◆ SOURCE INFORMATION ◆
- - - - -

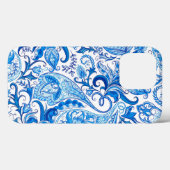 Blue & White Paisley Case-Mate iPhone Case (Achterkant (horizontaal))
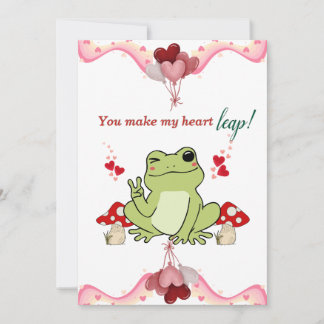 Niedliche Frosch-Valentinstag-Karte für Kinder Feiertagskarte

- - - - -

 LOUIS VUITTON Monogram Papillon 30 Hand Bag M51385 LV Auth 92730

- - - - -

◆ TASK DIRECTIONS ◆
Retype, exactly and with no pictures, everything above from the line with "Blue & White" down to the line with "Niedliche Frosch-Valentinstag-Karte für", both included.

◆ EXERCISE OUTPUT ◆
 Blue & White Paisley Case-Mate iPhone Case (Achterkant (horizontaal))
 Niedliche Frosch-Valentinstag-Karte für Kinder Feiertagskarte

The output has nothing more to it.